Cordwainer Smith Norstrilia (1964)
It's taken me a year to get through this one. I started it in April last year, failed, read something else instead, tried again, failed again, read a different book, then came back to this one and returned it to the shelf in defeat, telling myself I would get through it when the time was right.
This time, I cracked it. I even enjoyed some of it, although it remains painfully apparent why I stalled and stalled again back in 2021. Cordwainer Smith spins a wild yarn informed by Chinese folklore, amongst other things, not in terms of characters and situations but in the general rhythm of his fiction, the way in which it feels a little like a parable and makes narrative twists and turns with the cadence of a dream. In practical terms, this means we have something which very much foreshadows Moorcock's Dancers at the End of Time in relating only loosely to the rest of science-fiction as a genre, and generally doing its own peculiar thing in the expectation of the reader being able to keep up.
Norstrilia begins on a planet which is essentially a colony of Australia complete with all the stuff about hats with corks dangling from the rim. Rod McBan is a sheep farmer, tending flocks of giant immobile sheep which exude some substance that bestows immortality. One night he's gambling on his computer and wins so much money that he comes into possession of planet Earth, to which he then travels disguised as a cat person - you get the picture.
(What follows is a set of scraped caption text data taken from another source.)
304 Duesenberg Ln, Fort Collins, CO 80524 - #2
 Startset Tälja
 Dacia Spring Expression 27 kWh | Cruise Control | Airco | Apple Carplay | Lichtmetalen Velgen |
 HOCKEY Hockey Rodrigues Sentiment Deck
It's all very entertaining, and it doesn't quite feel like the series of random twists of gratuitous surrealism possibly implied by the above description, but Cordwainer Smith tends to jabber, and all it takes is one paragraph's worth of lapsed concentration and you're fucked, with no idea of what's going on or who the hell these people are supposed to be.
Anyway, I did better this time around - although I've no idea why. I hung on tight and discovered the first half to be massively entertaining as well as impressively weird. The appendix refers to Norstrilia having originally been broken up into two parts and published as separate novels with the addition of supporting material, so my guess would be that the first of the pair was the strongest. I didn't have so much trouble with McBan's travels on Earth as I did with the first half back in April, 2021, but it felt a little surplus to requirements, possibly because by this point the reader has come to expect the arbitrary swerves as a matter of course. Given Smith's background, it seems fairly likely that Rod McBan is intended to be a sort of rough edged Buddha or Christ figure coming in from the wilderness, then walking amongst mankind, anonymous and yet heir to all the riches of heaven; but unfortunately, I found it hard to care, and if anything profound was said, it wasn't said in any language with which I'm familiar. It's not difficult to see why this guy has such a reputation, but for my money he works best in short, sweet bursts.